OK: For the 2014 budget — $200 million more, or $200 million less?

OKLAHOMA CITY – Every year, the assumption, whether tacit or explicit, among planners in most of state government is that public spending must increase over time. The assumption is for some the equivalent of a law of nature.

Jonathan Small, who has helped fashion budgets for both government executives and legislators, is among the minority of knowledgeable analysts who quarrels with that proposition.

Small’s latest slap at conventional wisdom is distilled into the annual “budget book” from the Oklahoma Council of Public Affairs (OCPA), the Sooner State’s leading free market “think tank.”

The new OCPA alternative state budget, released March 25, makes the case for possible state spending cuts for Fiscal year 2014 of $132,794,767 — or 1.94 percent of the FY 2013 total. 

After sorting out all the line items of their alternative approach to budgeting, Small and his OCPA colleagues say the state could reduce this year’s appropriations by nearly $133 million — and still carry $277,208,015 in surplus funds into the following year (Fiscal Year 2015).
 
Thanks to the state’s comparatively healthy economy, state government revenue available for appropriation is projected to grow by a little more than $200 million in the current fiscal year.

However, state agencies submitted spending increase requests for more than $1.1 billion this year. Many analysts and even Republican leaders in the House and Senate have assumed appropriations will increase by the end of the legislation session in May, even if the Legislature approves a modest personal income tax cut.

The OCPA budget — and support for its assumptions by some the Legislature’s leading conservatives — makes it likely that any spending growth will, at the least, become a debatable proposition during the last two months of the 2013 session. 

At a briefing for members of the state Capitol press corps, Small, OCPA’s fiscal analyst, pointed out that total state government spending has never, ever, decreased, even during the “Great Recession” that began in 2008. 

Small also stressed that the $6.6 billion available for appropriation in the current cycle is less than half of total expenditures, which reached $16.70 billion in Fiscal Year 2012.

Among the choices Small asserts would yield major gains for the fiscal bottom line would be to implement state employee health insurance reforms which passed the Legislature in 2010 (with bi-partisan majorities), only to be vetoed by then-Gov. Brad Henry.

Small fielded challenging questions from reporters, stressing again and again that budgeting involves choices – and that choices typically made at state agencies are not inevitable, but reflective of management preferences. 

State employee health insurance proposals Small helped fashion as an aide to former Insurance Commissioner Kim Holland (a Democrat) might yield $2-3 million in administrative savings, for starters.
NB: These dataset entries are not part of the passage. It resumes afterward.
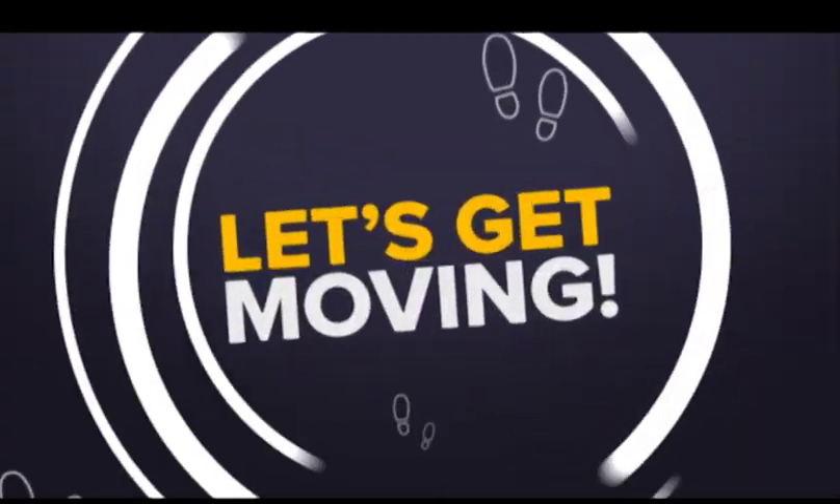G'day, I'm Mark McGaugh and welcome to Let's Get New. Today we're going to focus on routines that we can do at home.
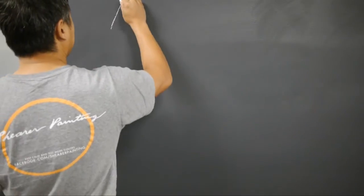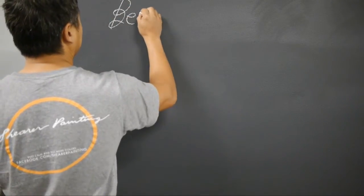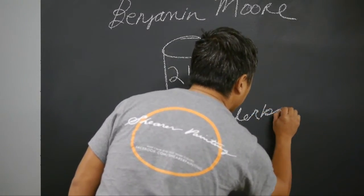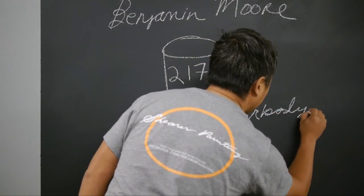How does my hair look? Hello, my name is John Shear. I've been a painting contractor for 22 years.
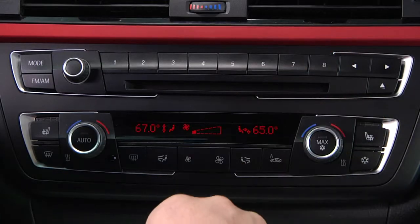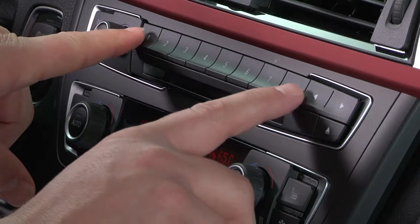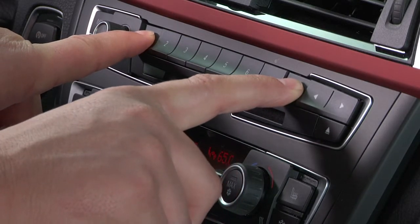To recall an assigned function, just press the desired key. To delete all the memory key assignments, press buttons 1 and 8 simultaneously for approximately 5 seconds and then select OK when prompted.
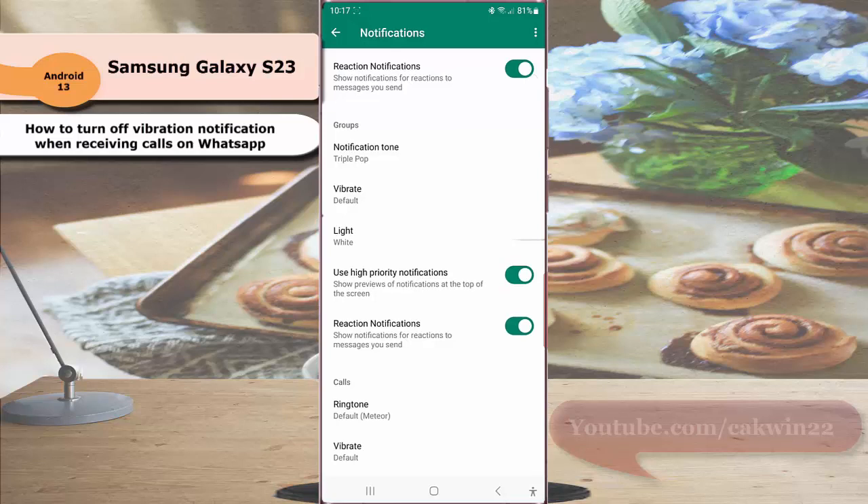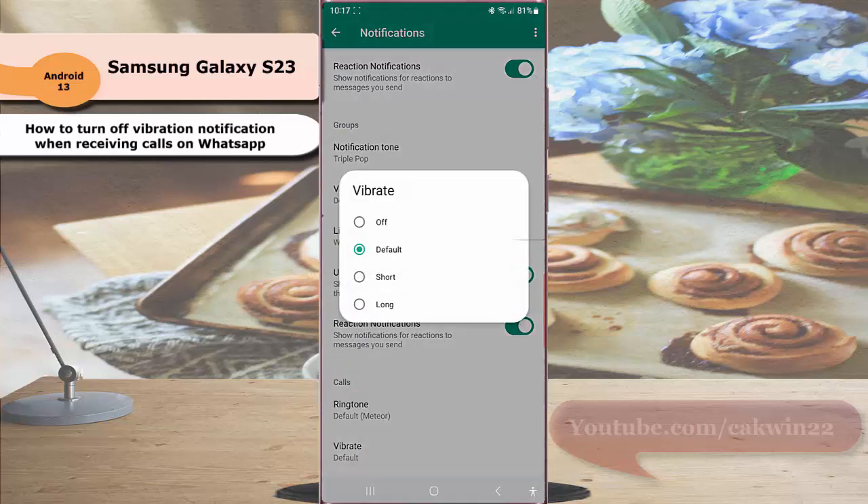Under the Call section, tap Vibrate and then select Off.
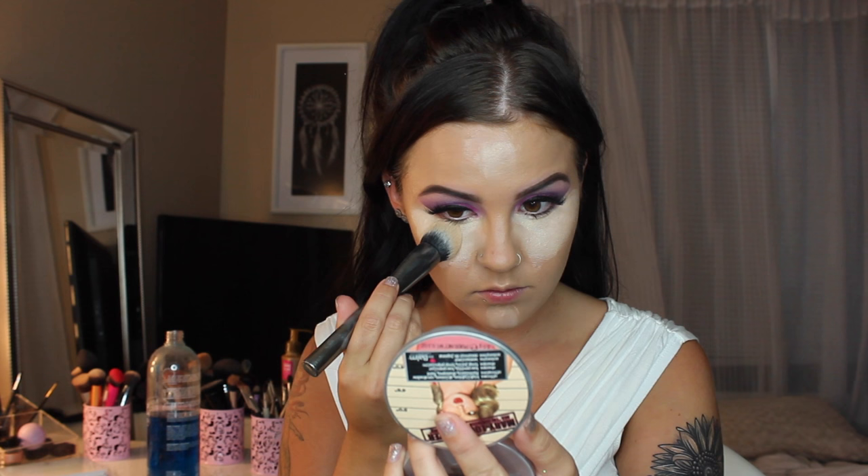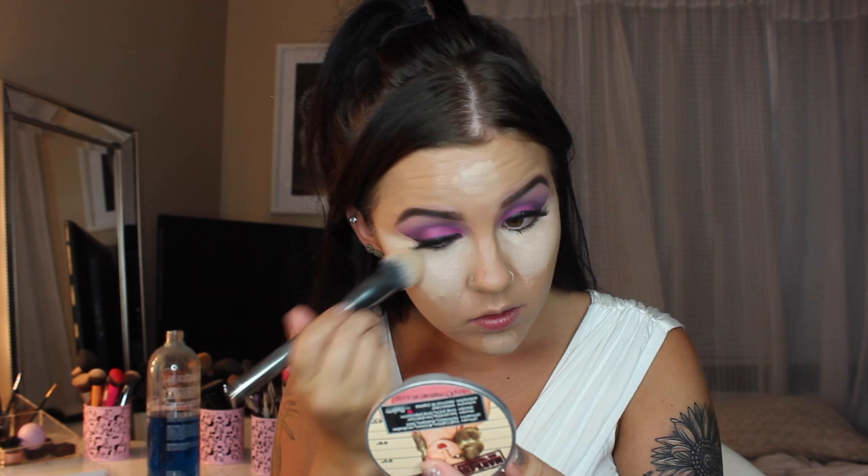Moving on to the face — I primed with the Makeup Forever Smoothing Primer because my pores were looking ridiculous. And because her face is so flawless, I went in with my IT Cosmetics CC Cream Foundation, which is the most flawless foundation I own. No matter what my skin looks like, it covers everything and makes my skin look flawless. Then I used the Makeup Forever HD Concealer underneath my eyes and anywhere I wanted to highlight, blending that out like normal. I just wanted to use everything that was full coverage and made my face look practically Photoshopped.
Big ticket savings could come from offering state government employees Health Savings Accounts, empowering employees, shifting away from the self-insured plan (HealthChoice) to provide savings of $37.8 million (half year for FY 2014), but thereafter $75.6 million on an annual basis.  

The state alternative budget overview Small unveiled along with OCPA President Michael Carnuccio details varied annual savings, including through telecommunications efficiencies ($3 million), performance evaluations and hiring reforms ($23.4 million to $41.4 million), retirement and pension reforms with potential savings worth hundreds of millions of dollars, major asset sales ($50 million to $200 million), modest savings from new reforms of agencies, boards and commissions, federal funding oversite, and privatization of state services.

Joining the OCPA unveiling were Republican state Reps. Lewis Moore (Arcadia), Tom Newell (Seminole), Elise Hall (Oklahoma City), Mark McCullough (Sapulpa), Jon Echols (Oklahoma City), Mike Turner (Oklahoma City), Jason Murphey (Guthrie) and David Brumbaugh (Broken Arrow). Each promised to advocate for some or all of OCPA’s vision. 

The OCPA analysis reflects insights from the John Locke Foundation, a “sister” free-market think tank in North Carolina. Small and other contributors to the alternative budget adapted to Oklahoma the North Carolina group’s “9 Rs of fiscal responsibility.” These include:

Reform entitlement programs to counter a 72.9 percent spending increase in just seven years. 

Require more user responsibility from agencies involved in activities outside the core functions of government. 

Redirect spending to “higher-priority uses,” including steps to secure the right of Oklahomans to enjoy what the state’s constitution characterized as “the gains of their own industry.”

Reorganize state government to accelerate modest agency consolidations that began during Gov. Mary Fallin’s first two yeas. 

Revive free enterprise by bringing down overall tax rates – along the lines of the moderate personal income tax rate cut OCPA recommended for this year.

Restore Civil Society through the “third” or “independent” non-government sector provision of charity and other services.

Remove advocacy, waste and race-based programs financed through government action — including implementating the November 2012 State Question 759 barring race consciousness in public programs. 

Reshape the state-local government relationship to leave local issues under local control (and financing). 

Reduce biases in the tax code to “build a coherent and efficient system.”